__TASK TO COMPLETE__: From the line that contains "Volkswagen TIGUAN Allspace" down to the last line of the listing below, reproduce each line exactly but not the pictures.

__SOURCE DATA__:

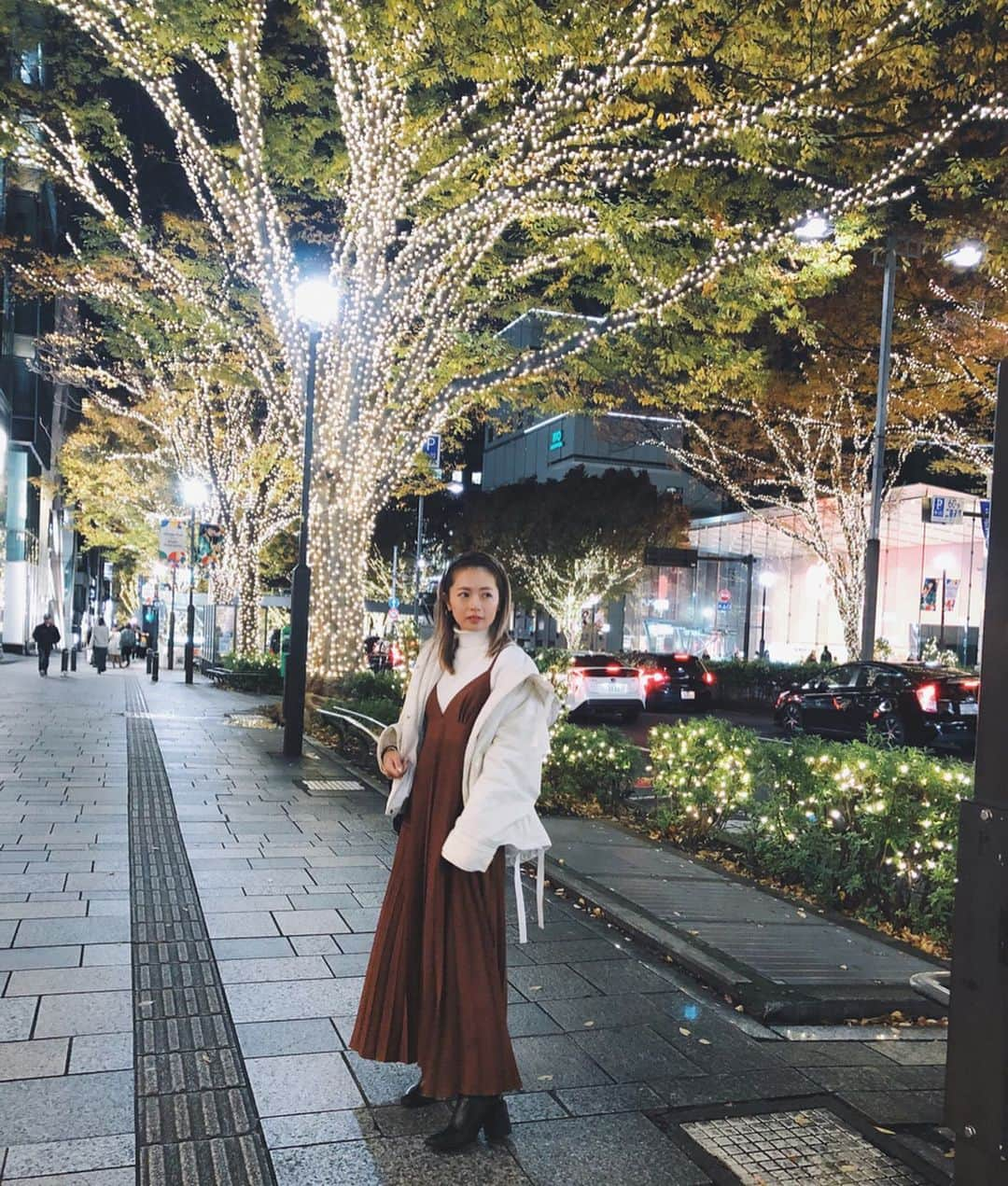 鈴木あやさんのインスタグラム写真 - (鈴木あやInstagram)「表参道のイルミネーションってやっぱ好き。🧡﻿もうすっかり冬ですねっ ﻿ 今年初買った激お気に入りアウターを着た私服です💁‍♀️﻿ ——————————————﻿ アウター＊ @fray_id ﻿ ワンピ＊ @rustal_official ﻿ ニット＊ @uniqlo ﻿ ブーツ＊ @acnestudios ———————————————﻿ #ootd #fashion #데일리록 #오오티디 #私服 #🎄 ﻿」11月28日 22時40分 - techitechiaya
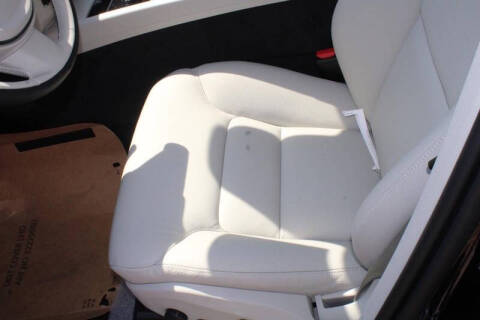 2025 Volvo XC60 T8 Plus Dark Theme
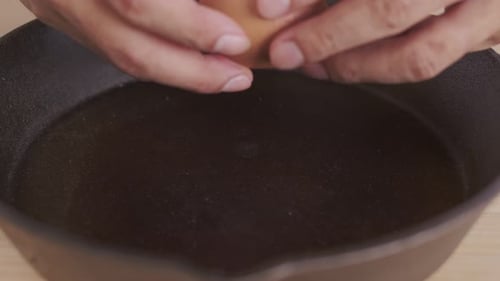Nahaufnahme des Spiegeleies in einer Pfanne zum Frühstück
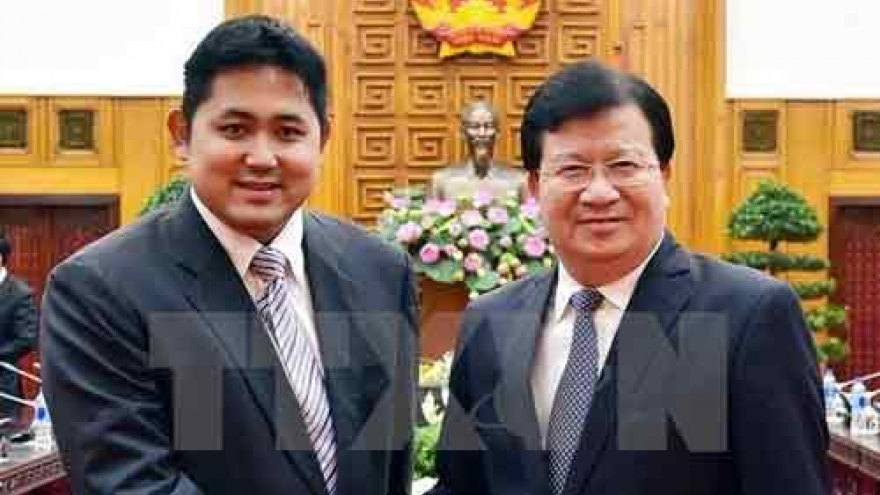 Vietnam pledges equal treatment to overseas investors: Deputy PM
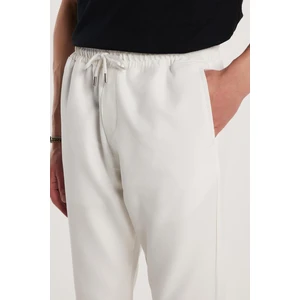 Erkek Regular Fit Beli Lastikli Bağcıklı Jogger Beyaz Pantolon Rahat Kesim Yan Cepli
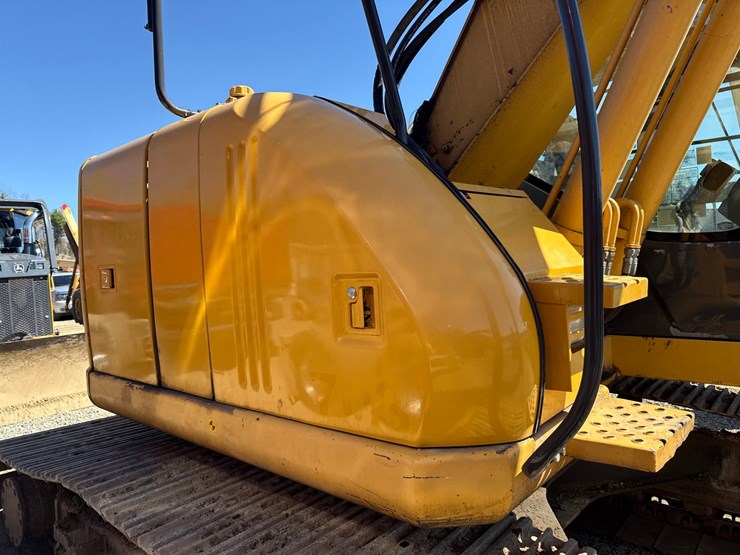 2009-deere-225-lc-image-38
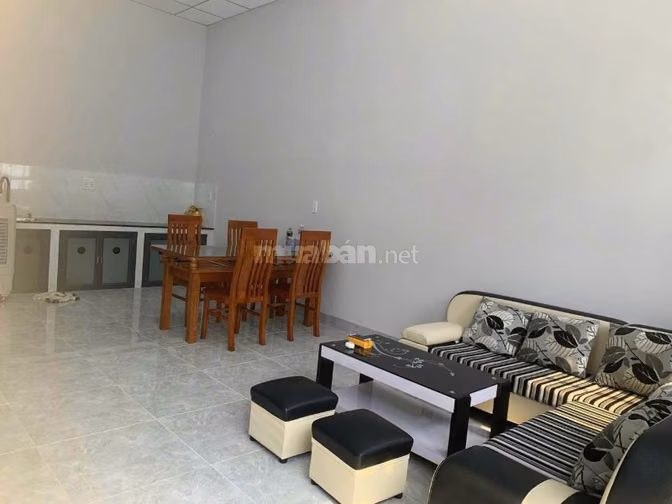  Nhà CẤP 4 khu Trảng Bàng Tây Ninh gần chợ, trường học giá 1 Tỷ 200 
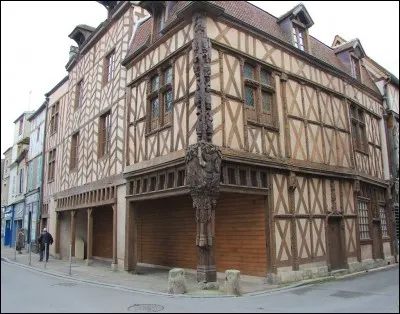 De ces quatre départements lequel n'est pas frontalier de celui de l'Yonne ?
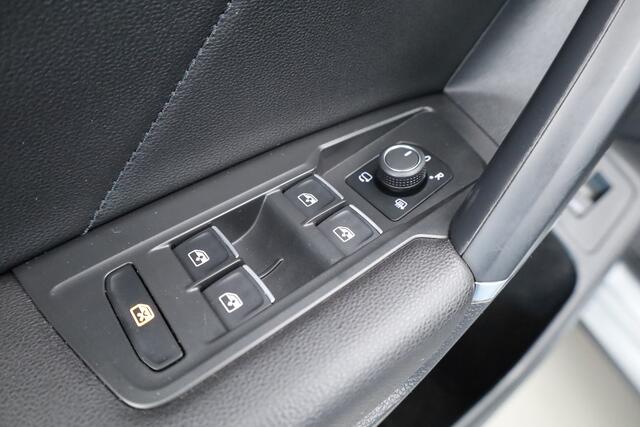 Volkswagen TIGUAN Allspace 1.5 TSI R-Line ext. 7p. DSG | Pano | 360cam | Digi. Dashboard | Elek. Trekhaak | Leder | All Season | Keyless | X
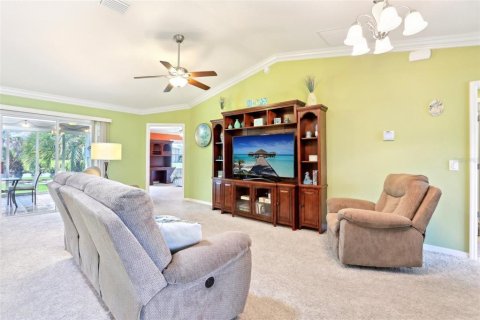 House in The Villages, Florida 3 bedrooms, 142.23 sq.m. № 1681860 - photo 6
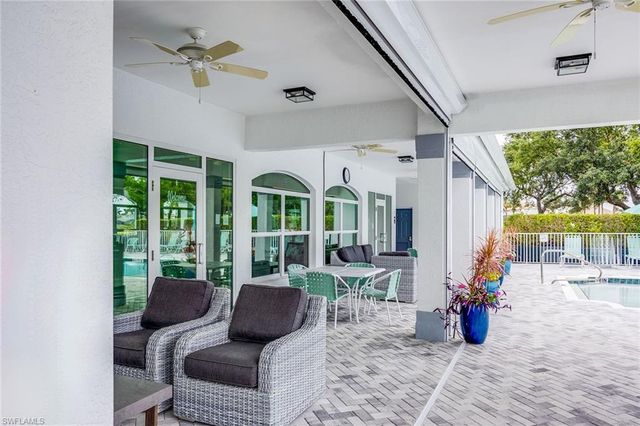 5963 Sand Wedge LN 205, Naples, FL 34110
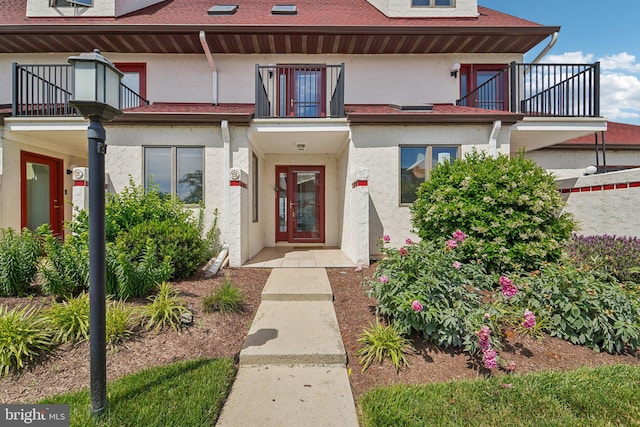 15 Queen Anne Way Unit E, Chester, MD 21619 - property entrance featuring a balcony and stucco siding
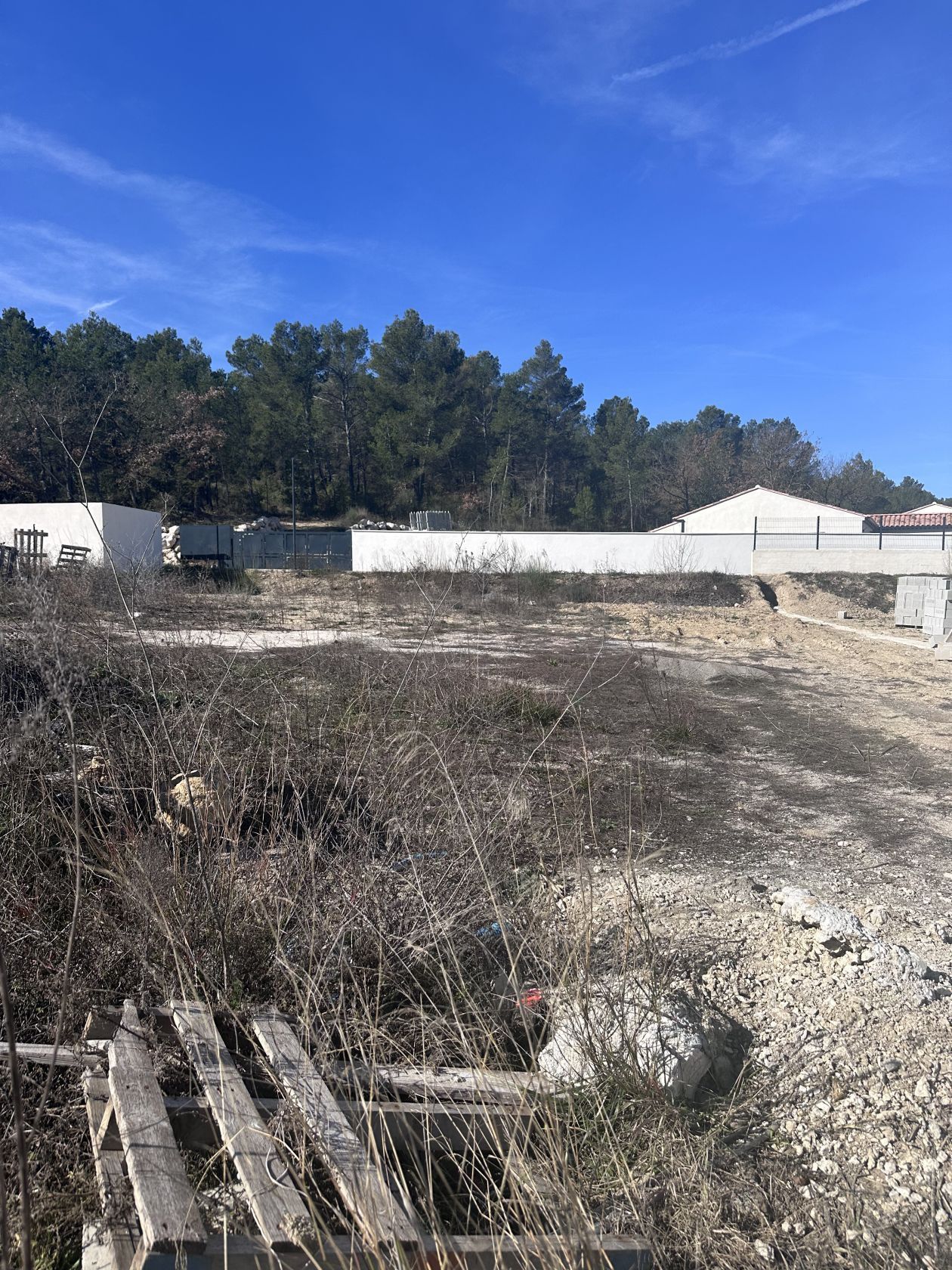 Terrain à bâtir 558 m² au Puy-Sainte-Réparade (13610)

__OUTPUT FOR THIS EXERCISE__:
 Volkswagen TIGUAN Allspace 1.5 TSI R-Line ext. 7p. DSG | Pano | 360cam | Digi. Dashboard | Elek. Trekhaak | Leder | All Season | Keyless | X
 House in The Villages, Florida 3 bedrooms, 142.23 sq.m. № 1681860 - photo 6
 5963 Sand Wedge LN 205, Naples, FL 34110
 15 Queen Anne Way Unit E, Chester, MD 21619 - property entrance featuring a balcony and stucco siding
 Terrain à bâtir 558 m² au Puy-Sainte-Réparade (13610)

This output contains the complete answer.